This issue isn’t exclusive to WaveLab but I guarantee this will solve your problem, it’s how I render every montage, overlaps or not, just to be safe. You don’t have to do any micro-fades or anything weird. I don’t think you have a zero crossing issue. While zero crossings are ideal for when skipping to a track, you can put the track ID in the middle of the biggest kick drum ever and avoid a glitch when played straight through if rendered properly.
When you’re happy with the sound, marker placement etc, render the Whole Montage as one long file to lock in all plugin processing. I personally save it as a floating point WAV to account for additional sample rate conversion and other flexibilities but either way, render the Whole Montage as a single file.
There are render options that will create a montage from the resulting file, and copy over all the markers, CD-Text, etc. Everything is the same as the source montage, but the processing is locked in so no plugins (other than dither) are needed.
From here, you can render seamless WAVs of each CD Track. I can even do this with a dither plugin inserted, I’m guessing because it’s less CPU demeaning than a limiter.
What I can’t account for is if you’re using the Resampler in the global master section but as long as there are no plugins involved with the track by track render, it should be OK. Even Goodhertz Good Dither is OK to use here.
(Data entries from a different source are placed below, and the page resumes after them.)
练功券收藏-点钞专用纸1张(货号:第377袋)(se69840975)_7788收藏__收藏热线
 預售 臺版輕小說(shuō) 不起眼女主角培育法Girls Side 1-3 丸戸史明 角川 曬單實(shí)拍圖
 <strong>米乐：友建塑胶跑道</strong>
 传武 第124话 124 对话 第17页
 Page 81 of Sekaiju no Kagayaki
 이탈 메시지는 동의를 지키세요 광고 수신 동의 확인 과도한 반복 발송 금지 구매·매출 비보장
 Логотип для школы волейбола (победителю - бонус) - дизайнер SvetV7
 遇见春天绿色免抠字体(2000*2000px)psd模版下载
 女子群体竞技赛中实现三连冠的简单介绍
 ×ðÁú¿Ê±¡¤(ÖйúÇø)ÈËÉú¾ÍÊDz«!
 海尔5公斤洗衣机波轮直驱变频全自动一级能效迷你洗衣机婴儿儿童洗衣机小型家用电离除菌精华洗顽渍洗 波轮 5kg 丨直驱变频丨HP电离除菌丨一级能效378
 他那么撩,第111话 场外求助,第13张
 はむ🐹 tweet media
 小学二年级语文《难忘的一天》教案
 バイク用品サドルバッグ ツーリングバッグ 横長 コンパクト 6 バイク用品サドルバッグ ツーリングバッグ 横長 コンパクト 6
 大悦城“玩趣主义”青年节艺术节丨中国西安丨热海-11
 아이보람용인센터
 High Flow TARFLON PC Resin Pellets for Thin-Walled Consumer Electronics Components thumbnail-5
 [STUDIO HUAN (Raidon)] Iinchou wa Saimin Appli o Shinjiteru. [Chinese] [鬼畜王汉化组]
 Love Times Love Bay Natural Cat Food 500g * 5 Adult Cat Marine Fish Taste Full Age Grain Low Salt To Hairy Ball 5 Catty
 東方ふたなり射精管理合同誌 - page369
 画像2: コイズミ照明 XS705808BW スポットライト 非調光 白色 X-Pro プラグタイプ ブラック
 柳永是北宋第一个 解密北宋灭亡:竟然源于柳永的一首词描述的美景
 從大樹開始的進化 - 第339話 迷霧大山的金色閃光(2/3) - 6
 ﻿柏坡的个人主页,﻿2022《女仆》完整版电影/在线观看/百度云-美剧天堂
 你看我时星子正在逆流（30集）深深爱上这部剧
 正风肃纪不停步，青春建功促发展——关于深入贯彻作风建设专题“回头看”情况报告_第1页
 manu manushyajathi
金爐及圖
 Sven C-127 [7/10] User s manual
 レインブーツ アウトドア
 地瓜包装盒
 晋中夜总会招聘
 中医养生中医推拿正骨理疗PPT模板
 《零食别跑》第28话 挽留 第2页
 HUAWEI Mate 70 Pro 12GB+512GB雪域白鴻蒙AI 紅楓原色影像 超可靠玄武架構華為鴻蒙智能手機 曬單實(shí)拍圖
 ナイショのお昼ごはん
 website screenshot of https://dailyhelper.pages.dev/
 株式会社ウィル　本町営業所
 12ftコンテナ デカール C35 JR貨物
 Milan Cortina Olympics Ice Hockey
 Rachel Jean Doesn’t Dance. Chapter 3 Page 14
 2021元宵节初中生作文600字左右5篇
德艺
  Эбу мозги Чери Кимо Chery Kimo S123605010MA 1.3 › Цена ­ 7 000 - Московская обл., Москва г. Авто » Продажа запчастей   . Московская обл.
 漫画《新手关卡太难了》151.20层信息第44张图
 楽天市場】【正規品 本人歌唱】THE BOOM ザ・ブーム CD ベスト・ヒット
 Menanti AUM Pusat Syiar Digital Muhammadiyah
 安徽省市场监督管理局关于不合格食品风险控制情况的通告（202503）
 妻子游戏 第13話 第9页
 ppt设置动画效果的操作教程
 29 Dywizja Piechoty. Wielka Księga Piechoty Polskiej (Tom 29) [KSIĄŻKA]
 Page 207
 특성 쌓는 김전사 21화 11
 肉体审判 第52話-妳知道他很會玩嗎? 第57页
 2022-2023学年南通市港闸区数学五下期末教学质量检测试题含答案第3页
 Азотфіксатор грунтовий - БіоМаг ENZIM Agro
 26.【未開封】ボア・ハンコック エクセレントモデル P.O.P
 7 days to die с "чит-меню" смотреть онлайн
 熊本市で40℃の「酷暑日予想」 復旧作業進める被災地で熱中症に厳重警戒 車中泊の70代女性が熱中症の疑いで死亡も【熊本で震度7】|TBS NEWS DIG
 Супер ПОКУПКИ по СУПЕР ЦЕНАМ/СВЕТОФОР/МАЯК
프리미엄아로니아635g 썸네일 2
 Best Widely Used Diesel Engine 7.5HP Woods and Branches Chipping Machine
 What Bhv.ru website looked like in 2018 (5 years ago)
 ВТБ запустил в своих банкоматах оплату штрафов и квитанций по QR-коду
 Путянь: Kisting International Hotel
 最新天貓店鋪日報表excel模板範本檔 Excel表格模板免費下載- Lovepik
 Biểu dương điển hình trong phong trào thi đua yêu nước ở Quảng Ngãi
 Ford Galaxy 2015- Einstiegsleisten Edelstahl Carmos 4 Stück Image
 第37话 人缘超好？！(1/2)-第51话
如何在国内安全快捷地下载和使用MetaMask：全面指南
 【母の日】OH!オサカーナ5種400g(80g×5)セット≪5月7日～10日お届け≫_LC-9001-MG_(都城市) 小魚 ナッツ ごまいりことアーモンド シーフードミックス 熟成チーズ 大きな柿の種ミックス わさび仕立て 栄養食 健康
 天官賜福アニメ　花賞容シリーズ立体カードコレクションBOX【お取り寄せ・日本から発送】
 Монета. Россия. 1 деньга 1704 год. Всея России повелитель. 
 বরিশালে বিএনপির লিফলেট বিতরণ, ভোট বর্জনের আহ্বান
If you do need to get to a lower sample rate, I suggest using an external program to downsample the continuous render with the processing locked in, resample to the desired sample rate, use the Custom Montage Copy feature to create a new montage from the resampled file, and all is good.
How I double check for gapless/seamless WAV rendering is to make a new montage, load in the WAVs with 0 seconds spacing between them, and play the files. If you don’t hear a tick or pop as it plays from one WAV to the next, all is good.
Let me know if any clues in there help to get it sorted out.